Short text fragments from websites:
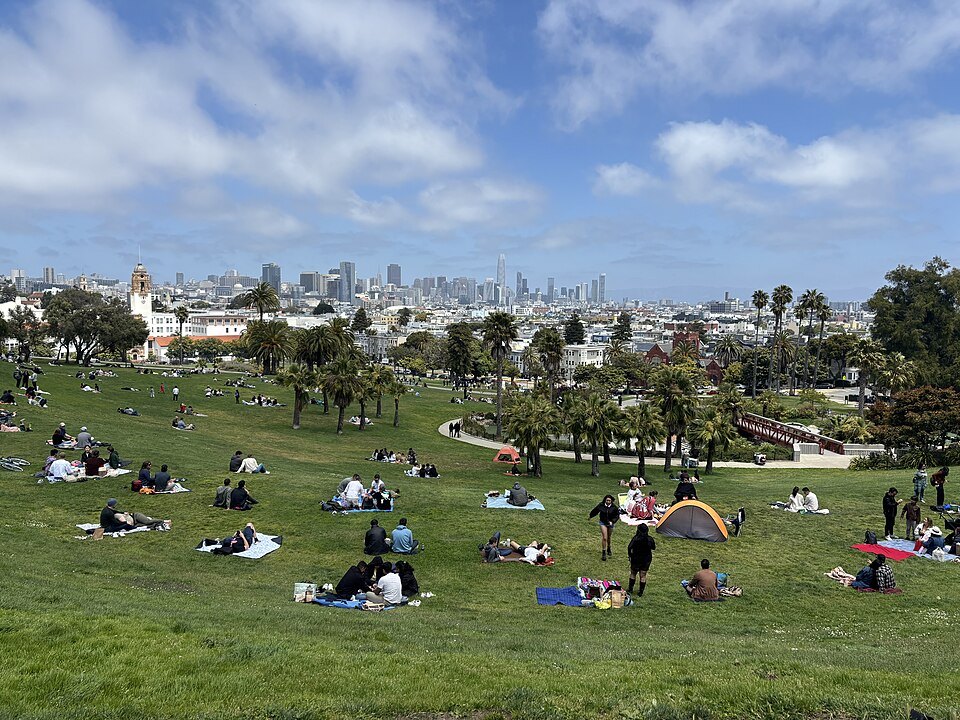 Picnickers across the lawns of Mission Dolores Park, downtown on the horizon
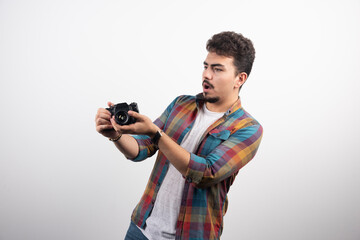 Young experienced photograph taking professional photos in a serious manner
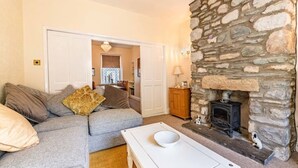 A cozy living room with a stone fireplace, a grey sofa, and a white coffee table.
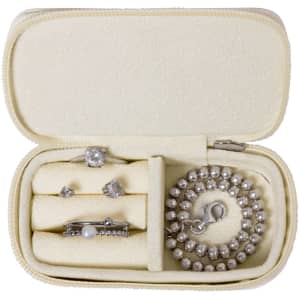 A cream jewellery wrap containing rings, earrings, and a bracelet, all featuring shiny silver accents. It has a zip closure and logo.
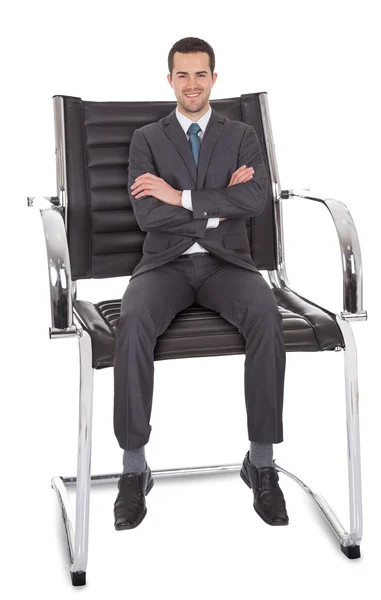 Бизнесмен, сидящий в огромном кресле — стоковое фото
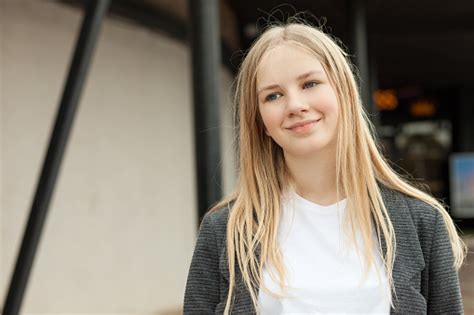 Closeup Outdoor Portrait Of A 13 Year Old Blonde Teenage Girl Stock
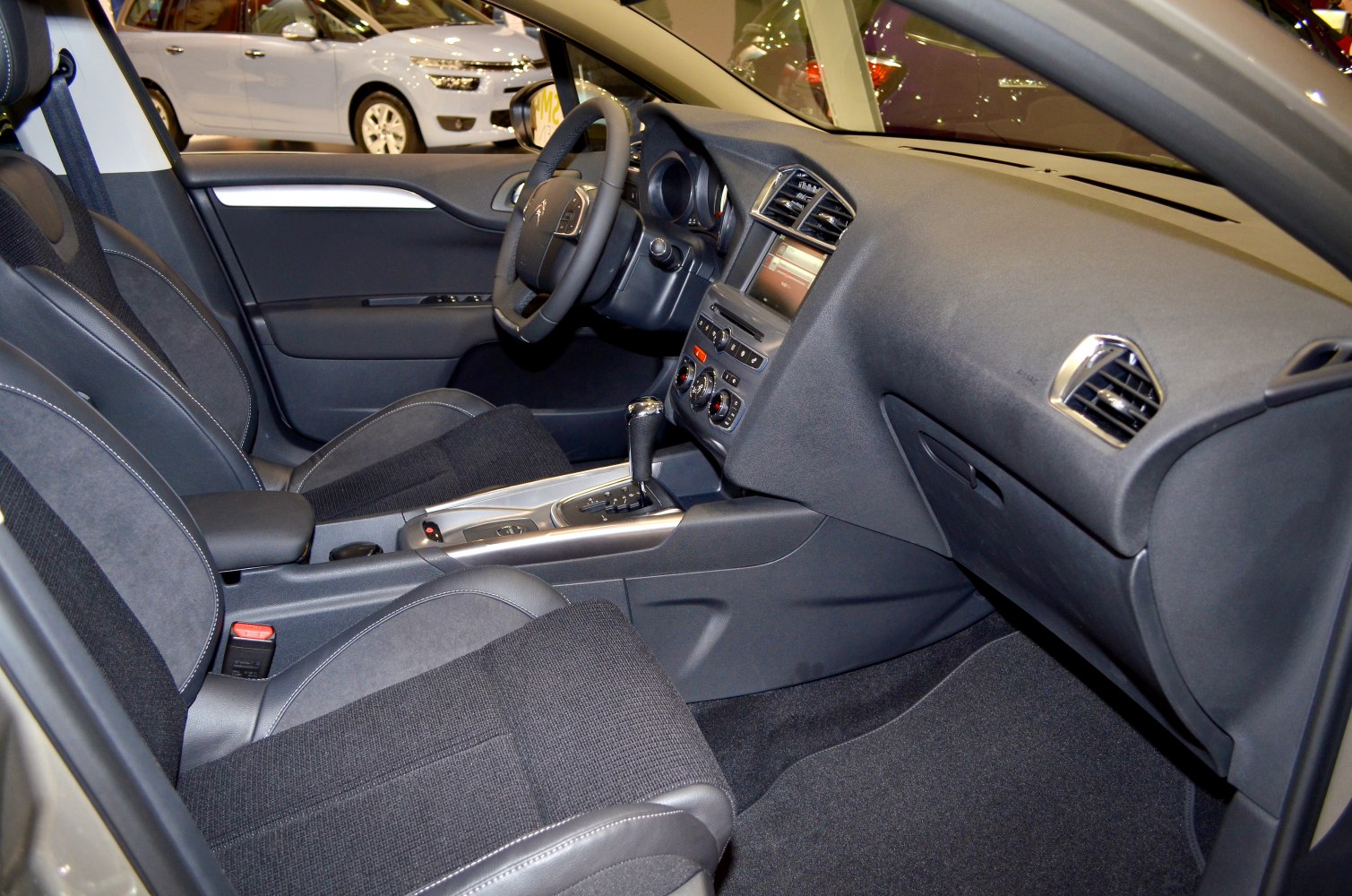 Automatic transmission gear shift and modern car interior with front seats
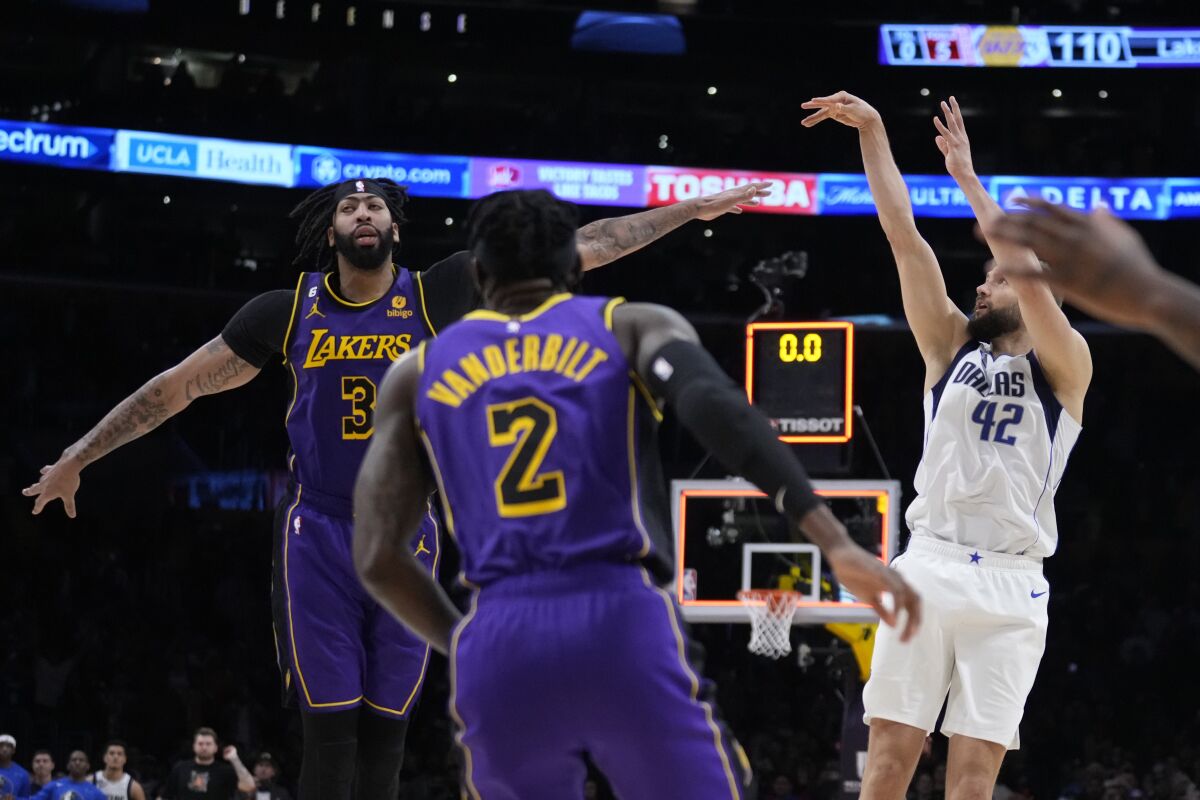Dallas forward Maxi Kleber shoots a game-winning three-pointer over Lakers forward Anthony Davis as time expires.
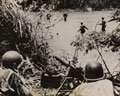 American infantry cross a jungle stream covered by a machine gun, New Guinea, 1943 (c)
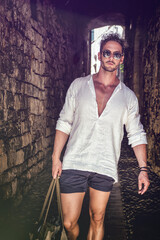Handsome man walking in ancient town's alley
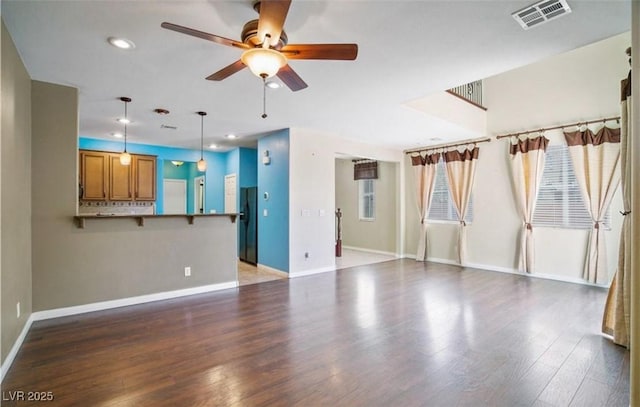 unfurnished living room with dark wood-type flooring and ceiling fan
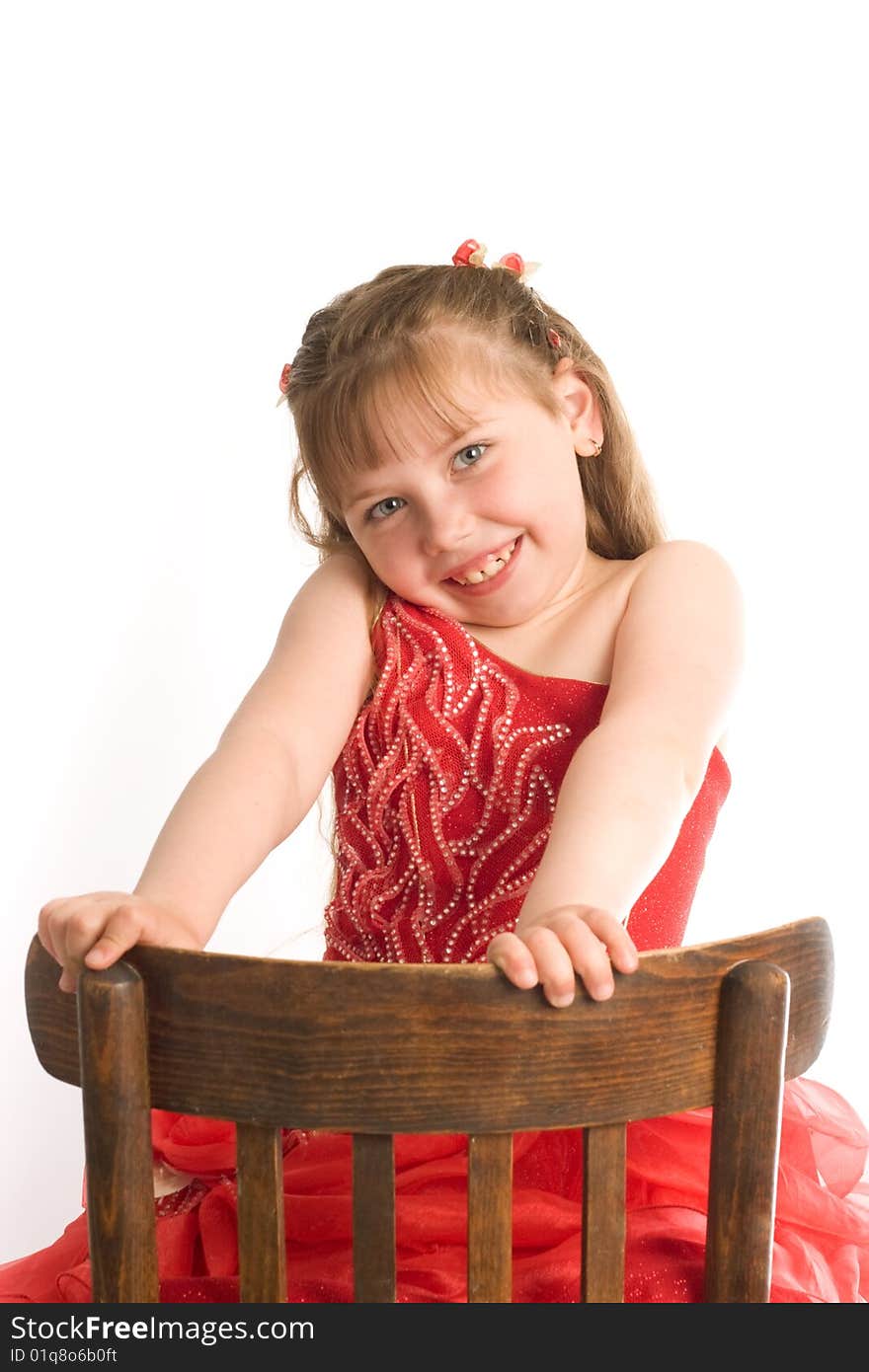 An image of nice girl on a brown chair. An image of nice girl on a brown chair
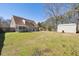 Expansive backyard with a metal shed and a screened in patio perfect for relaxing and entertaining at 404 Terrier Rd, Goose Creek, SC 29445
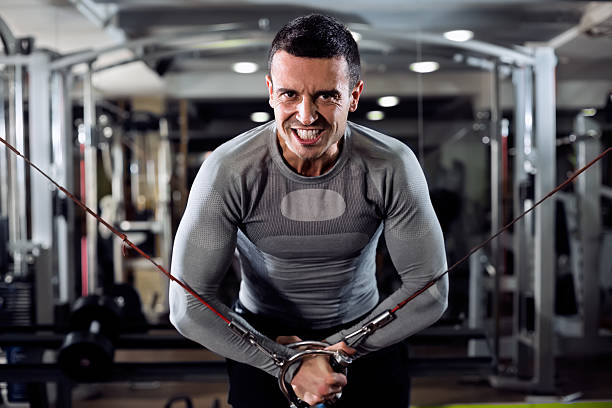 istock Man during workout in the gym 503157256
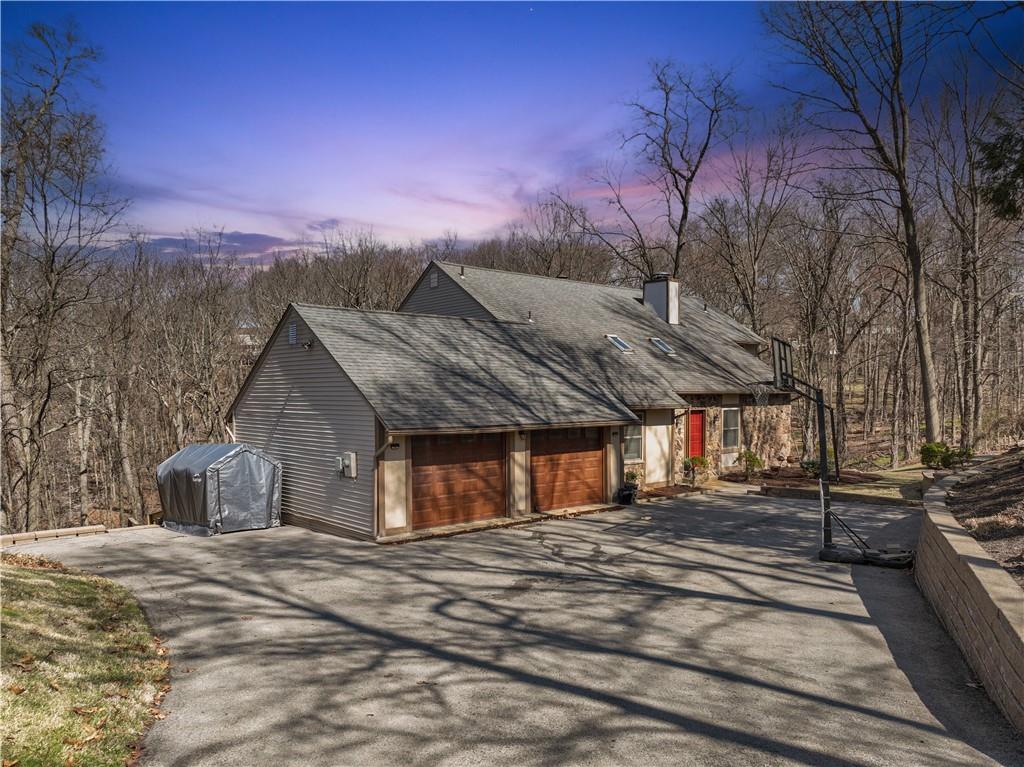 271 Shafer Road Coraopolis, PA 15108 - Photo 2 of 50 Nestled on 2.5 acres of picturesque wooded landscape, this home offers breathtaking views and ultimate tranquility.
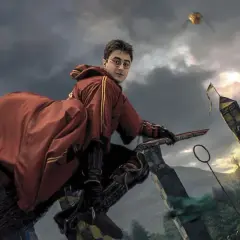 Harry Potter na miotle, w czerwonym szacie, ściga Złoty Znicz podczas meczu quidditcha. To scena z filmu "Harry Potter i Zakazana Podróż".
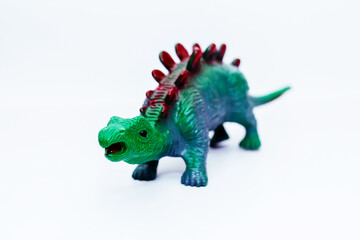 toy for children - dinosaur on a white background, isolated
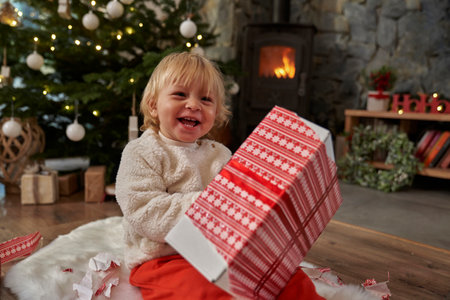 Cheerful caucasian toddler unpacking Christmas presentの写真素材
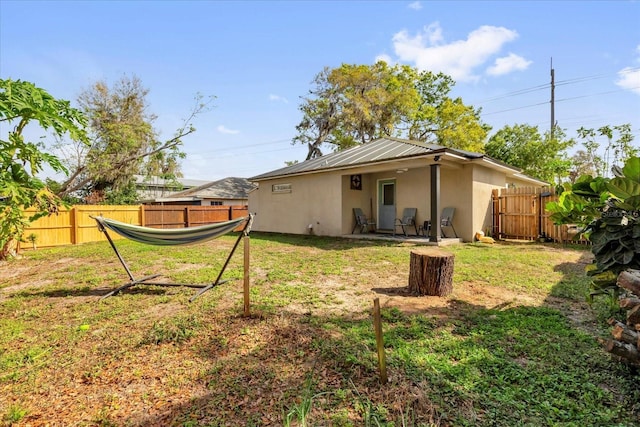 back of property featuring fence, metal roof, a lawn, and stucco siding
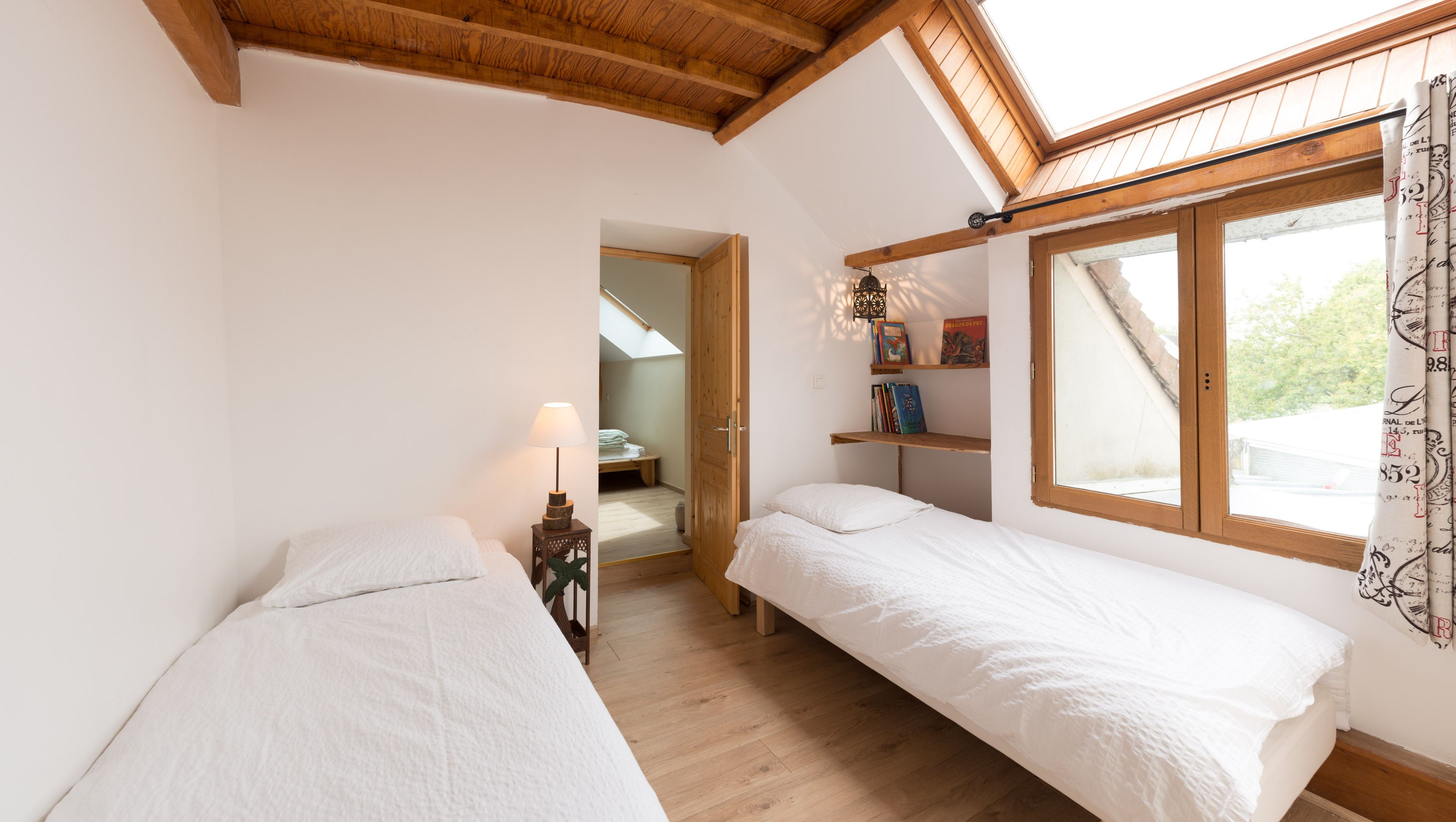 Ein Schlafzimmer mit zwei Betten, einem Oberlicht, einem Fenster mit Vorhängen, einer Nachttischlampe und einem Bücherregal.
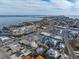 Aerial view of a home near the water, featuring a private pool and landscaping at 306 55Th St, Holmes Beach, FL 34217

Exercise goal — Please print every record exactly as written, without the pictures.

Solution to the problem —
 Picnickers across the lawns of Mission Dolores Park, downtown on the horizon
 Young experienced photograph taking professional photos in a serious manner
 A cozy living room with a stone fireplace, a grey sofa, and a white coffee table.
 A cream jewellery wrap containing rings, earrings, and a bracelet, all featuring shiny silver accents. It has a zip closure and logo.
 Бизнесмен, сидящий в огромном кресле — стоковое фото
 Closeup Outdoor Portrait Of A 13 Year Old Blonde Teenage Girl Stock
 Automatic transmission gear shift and modern car interior with front seats
Dallas forward Maxi Kleber shoots a game-winning three-pointer over Lakers forward Anthony Davis as time expires.
 American infantry cross a jungle stream covered by a machine gun, New Guinea, 1943 (c)
Handsome man walking in ancient town's alley
 unfurnished living room with dark wood-type flooring and ceiling fan
 An image of nice girl on a brown chair. An image of nice girl on a brown chair
 Expansive backyard with a metal shed and a screened in patio perfect for relaxing and entertaining at 404 Terrier Rd, Goose Creek, SC 29445
 istock Man during workout in the gym 503157256
 271 Shafer Road Coraopolis, PA 15108 - Photo 2 of 50 Nestled on 2.5 acres of picturesque wooded landscape, this home offers breathtaking views and ultimate tranquility.
 Harry Potter na miotle, w czerwonym szacie, ściga Złoty Znicz podczas meczu quidditcha. To scena z filmu "Harry Potter i Zakazana Podróż".
 toy for children - dinosaur on a white background, isolated
 Cheerful caucasian toddler unpacking Christmas presentの写真素材
 back of property featuring fence, metal roof, a lawn, and stucco siding
 Ein Schlafzimmer mit zwei Betten, einem Oberlicht, einem Fenster mit Vorhängen, einer Nachttischlampe und einem Bücherregal.
 Aerial view of a home near the water, featuring a private pool and landscaping at 306 55Th St, Holmes Beach, FL 34217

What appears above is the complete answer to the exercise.